**GIVEN MATERIAL:**
*** Block opens ***

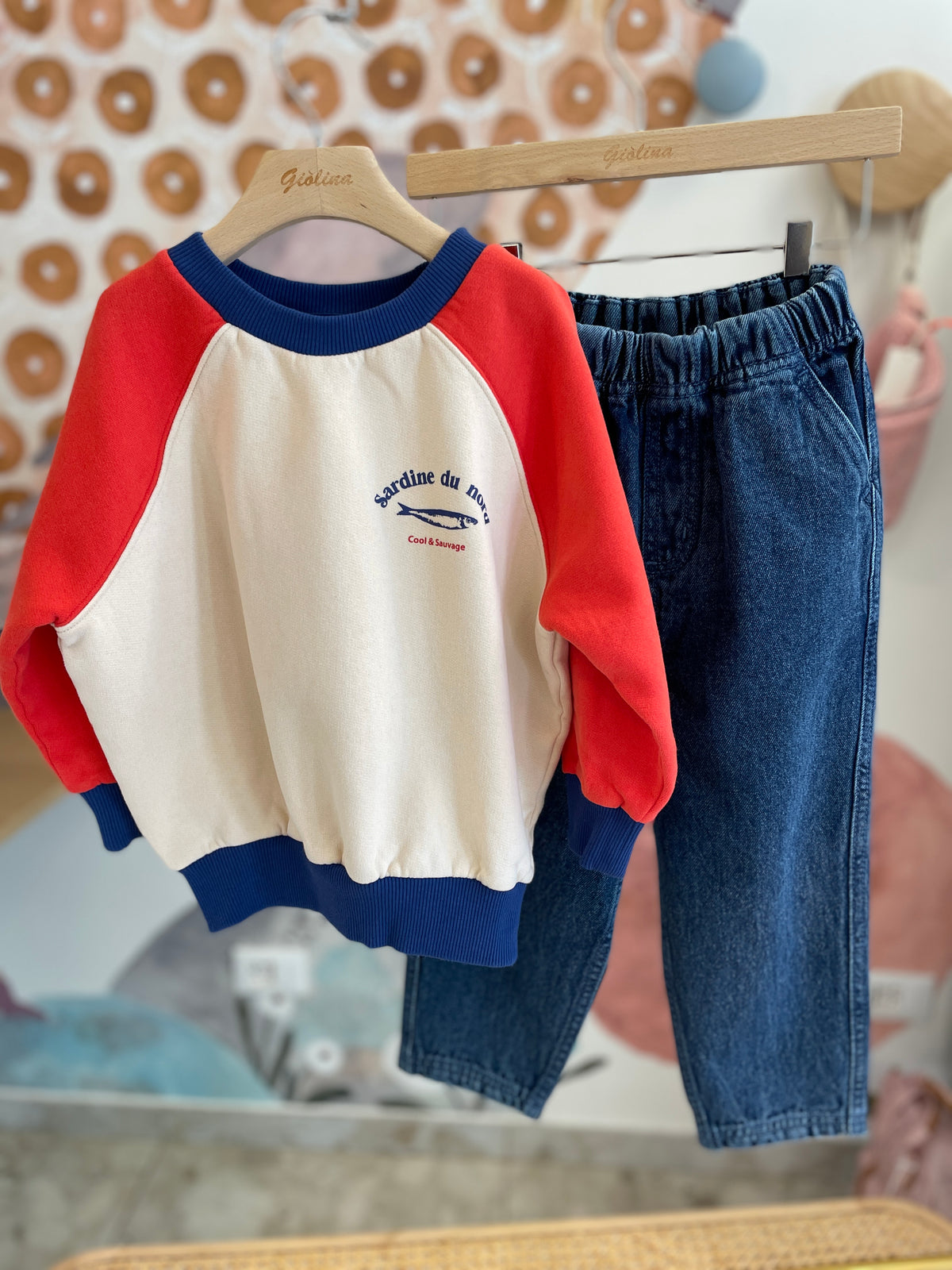 Felpa color block stampa sardine con denim o pantalone velluto, t-shirt stampe varie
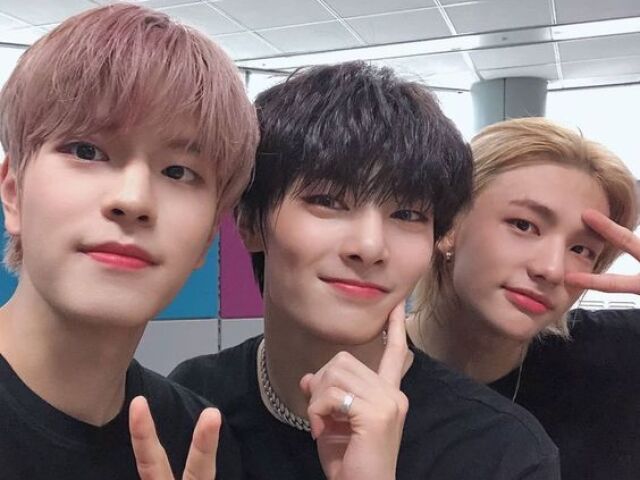 – 3IN (Seungmin, Jeongin e Hyunjin)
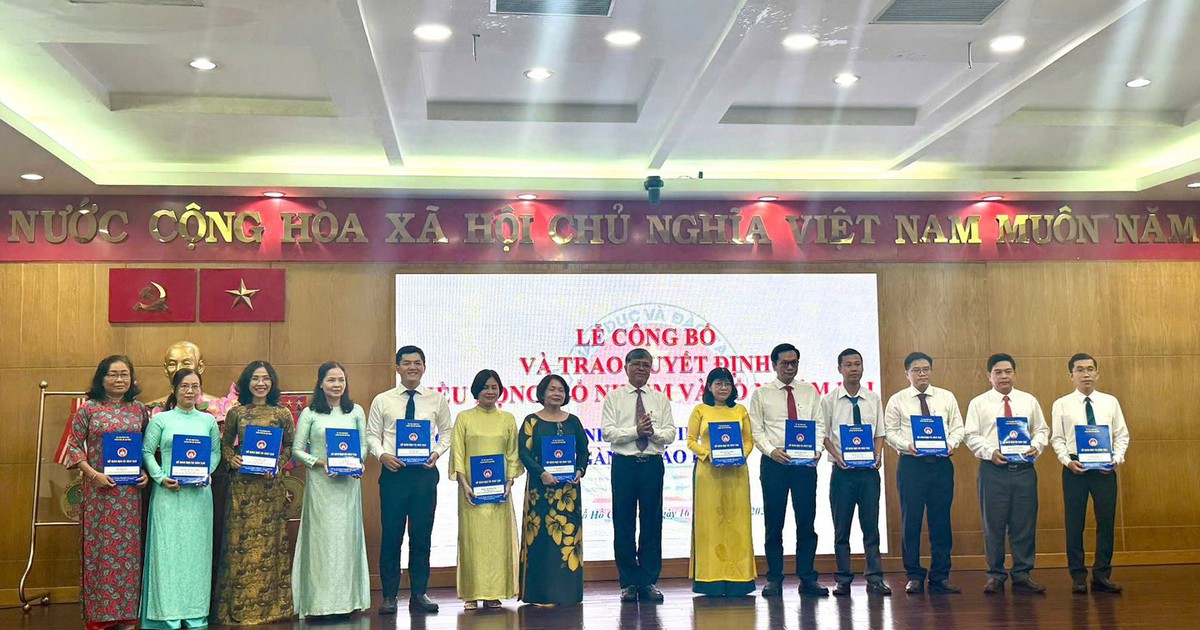 Sở GD-ĐT TP.HCM bổ nhiệm hàng loạt hiệu trưởng, hiệu phó ở 3 khu vực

*** Block closes ***

**PROBLEM STATEMENT:** Return the full listing above exactly as written, and omit the pictures.

**SOLUTION FOR THIS EXERCISE:**
 Felpa color block stampa sardine con denim o pantalone velluto, t-shirt stampe varie
 – 3IN (Seungmin, Jeongin e Hyunjin)
 Sở GD-ĐT TP.HCM bổ nhiệm hàng loạt hiệu trưởng, hiệu phó ở 3 khu vực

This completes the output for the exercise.